I was at a dinner party not too long ago and one of the other attendees did something very interesting … he chastised one of the guests for not really knowing Shakespeare. Then, a few minutes later, this same chastiser was bragging about how little he cared for math and science — he said other people could focus on that.
Is Shakespeare really more important than math and science?
Maybe.
Too often people think what they know is REALLY important and what their ignorant of is something easily done by others.
As the dinner progressed, I asked a question to the other nine guests: you roll 5 dice, what is the probability of getting at least one four. Turns out, no one knew. Now granted, it is actually a hard question for someone that hasn’t studied probability … the smattering of Stanford B-school and Harvard Law School grads hadn’t studied math and statistics in college like I had. And one can get through life fine without knowing simple probability … just like many get through life without knowing Shakespeare.
Whether it is the Monty Hall problem or the Birthday problem, people have a real lack of understand of their chance of something.
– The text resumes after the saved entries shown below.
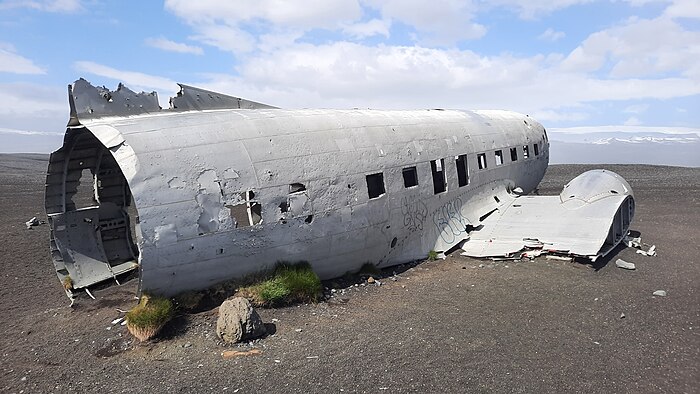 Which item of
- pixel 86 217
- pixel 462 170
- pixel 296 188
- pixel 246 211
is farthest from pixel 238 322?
pixel 462 170

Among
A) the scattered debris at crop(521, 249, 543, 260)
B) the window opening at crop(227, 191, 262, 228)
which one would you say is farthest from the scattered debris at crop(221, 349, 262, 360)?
the scattered debris at crop(521, 249, 543, 260)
Maybe that explains gambling. Or playing credit card roulette. it seems math and science is quite important for any learned person to master.
Now I don’t know much about Shakespeare … but it isn’t something I brag about. In fact, I see that as one of my deficiencies that I’m not proud of. So I get taken aback when people feel that what they know is so much more important than what they don’t know.
I’d say that chastising someone for not knowing something is more ignorant than not knowing something.
Imagine his attitude about something he doesn’t know he doesn’t know?
Probability was one of my favorite classes… If I remember my stuff correctly, the answer to your problem should be 1-(((1-(1/6))^5)). In other words, the likelihood that none of the dice are “four”, subtracted from 1. So it is about 59.8%.